Much data published by governments is in common tabular data formats: CSV, Excel, and ODS. This is true for the UK government and governments around the world. To provide assurances around reusability of tabular data, consumers (users) need information on the "primitive types" for each column of data (example: is it a number? is it a date?). This also allows for quality checks to ensure consistency and integrity of the data.

Publishing Table Schema with tabular data sources provides this information. Table Schema has previously been used in work by Open Knowledge International (OKI) with Cabinet Office to check the validity of 25K fiscal data, according to publication guidelines. Table Schema is also used widely by other organisations working with public data, such as the Open Data Insititute (ODI).

User Need

I've written several user stories below.
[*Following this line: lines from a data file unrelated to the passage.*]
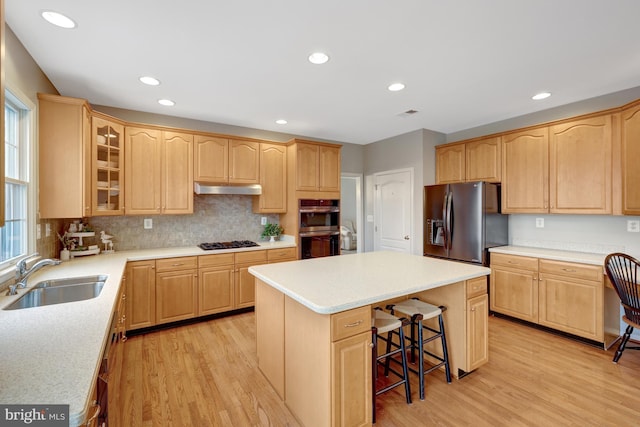 kitchen featuring light brown cabinets, stainless steel appliances, a sink, under cabinet range hood, and a center island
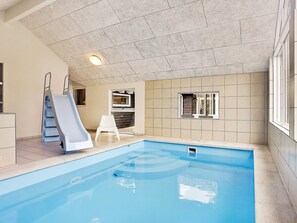 An indoor swimming pool with a slide, a small chair, and a window. - 5 Star Holiday Home in Tisvildeleje (Tisvildeleje)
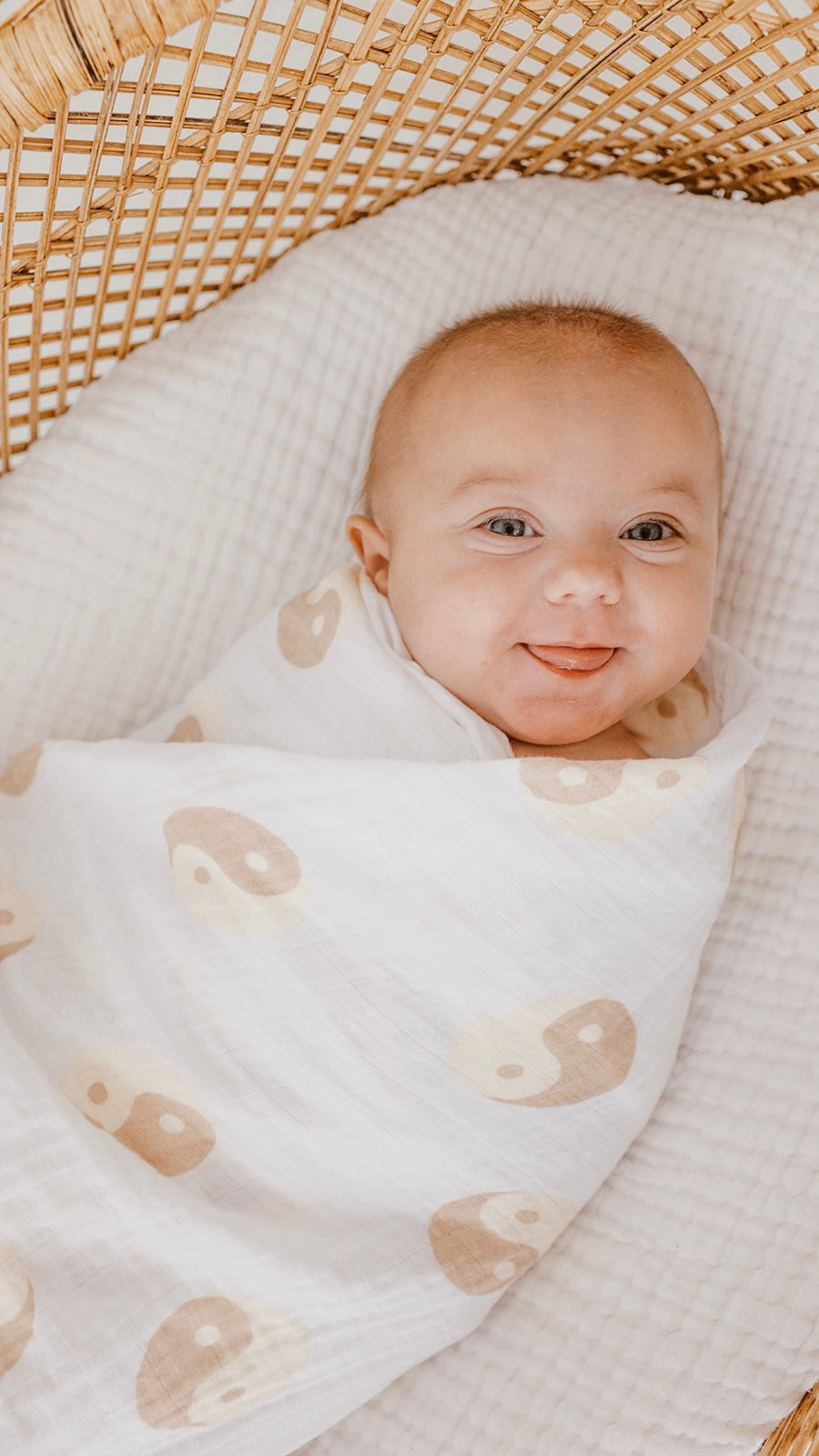 A baby with big eyes and a smile is swaddled in a "Muslin Swaddle | Tan & White Yin Yang" by forever french baby. The baby sits in a wicker bassinet on a soft, white, quilted surface.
Each user story applies equally to a range of users. The user personas are as follows:

  • Developer: a user reusing public data in derived databases, visualisations, or data processing pipelines.
  • Business analyst: a user looking to public data as a source of information for analysis of business use cases that involve some component of public good.
  • Citizen: a non-technical user who expects government to publish consistent, high quality data.

User stories

As a user, I want all public data published by government to conform to a known schema, so I can use this information to validate the data.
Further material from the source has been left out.